That same night, at the Hughes Supermarket on Highland Avenue in Hollywood, Mike Bull was organising his defences. Mike Bull was the supermarket manager, and the medium-sized twenty-four-hour store at the intersection between Franklin and Highland was his first important appoin’I’ment. Before he had been promoted, three months ago, he had been fruit and vegetable manager of a branch further downtown. N ow, at the age of thirty-one – a stocky, terse, but good-humoured bachelor with a face as pudgy as Mickey Rooney – he was running his own ship, and he was determined that night that the rats weren’t going to clamber aboard.
He hadn’t seen Ed Hardesty’s television appearance – nor the frantic and frightened news programmes that followed. But within twenty minutes, a laconic customer with long greasy blond hair and frayed denim shorts had advised him to blockade the store. ‘You should hear the TV, man. Walter Cronkite reckons we’re all going to be starving by Thanksgiving. And you know what that means, don’t you? Folks are going to start stocking up on every damn thing they can get.’
Mike had looked around the store. It was his business to sell what was in it, and if people came in and cleared his shelves, then no matter what the reason, he should be pleased. But the prospect of a food panic made him uneasy. The tough and the young would clear the place out, and leave the weak and the elderly without supplies.
He beckoned his under-manager, Tony, across to his office. Tony was Italian, young, and combed his hair a lot. Tony wanted to make it in the movies, and as far as he was concerned, retail selling was a total pain in the ass. But he liked Mike, and he didn’t like being yelled at, and so he came and stood in Mike’s office with an expression that was almost co-operative.
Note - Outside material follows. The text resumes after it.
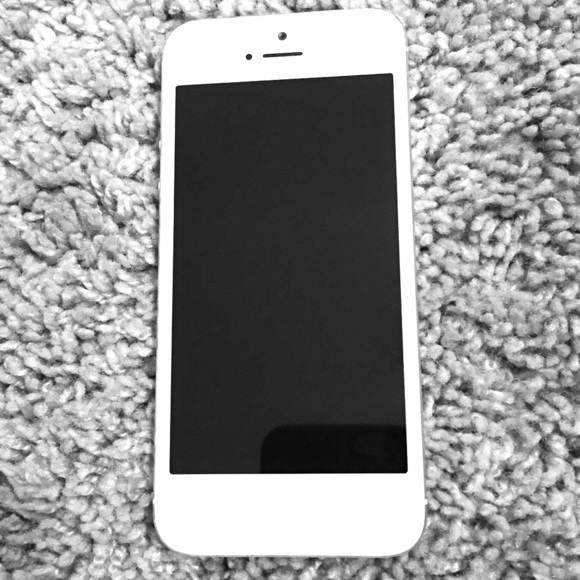 32 GB IPhone 5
‘Have you heard the news?’ Mike asked him, rolling up his shirtsleeves.
‘News?’ asked Tony.
‘Yeah. It seems like these crop blights we’ve been hearing about – all those excuses why they couldn’t deliver the grapes and the tomatoes and the celery and all of that stuff – well, it seems like we’re in for some kind of a national famine.’
‘That bad, huh?’ asked Tony.
‘That’s what I hear,’ said Mike.
Tony scratched the back of his neck. It was quite obvious that he didn’t understand the implications of what Mike had told him at all.
‘I’m going to close the store,’ said Mike.
Tony frowned at his digital watch. ‘It isn’t time yet.’
‘I know. But it may soon be too late, unless we close this place up.’
‘Too late?’ asked Tony, baffled.
‘Sure. I mean – what would you do, if you heard that there wasn’t going to be enough food for you and your family during the coming months?’
‘I don’t know,’ said Tony. ‘Stock up, I guess.’
‘Exactly. And that’s what people are going to start doing tonight, as soon as they realise how serious this situation’s going to be. Take a look at it now – have you ever seen so many people here on a Sunday evening? And look at those people there – those shopping carts are filled to the top.’ Tony peered through the window of the office into the store. ‘I guess you’re right,’ he said, slowly. ‘Look at that woman there – she’s got herself a train of three carts tied together.’
‘That settles it,’ said Mike. ‘I’m going to close the place up.’
‘What for?’ Tony wanted to know. ‘If things go on this way, we could make ourselves three times the weekly turnover, all in one night.’
‘You don’t understand,’ Mike told him. ‘We’ve got a responsibility to the whole community around here – not just the first fifty people with enough wit and enough money to clear the place out. And even if we do sell everything tonight, there’s no guarantee that we can restock until next week. If at all.’
‘Well, I’m sorry, but I think you’re wrong,’ said Tony. Mike looked at him sourly. ‘You can think what you like, but right now I’m the manager and I say we close. So get to it. And make sure you put up the steel shutters.’
Tony saluted him. ‘Jawohl, mein Führer,’ he said, with no pretence of a German accent.
Mike had only just gone back to his desk when his buzzer went. He returned to the window, and saw that there was a scuffle going on in one of the aisles. He quickly opened his office door, and made his way beside the cold meat counter to the scene of the disturbance.
‘All right,’ he demanded. ‘What’s going on?’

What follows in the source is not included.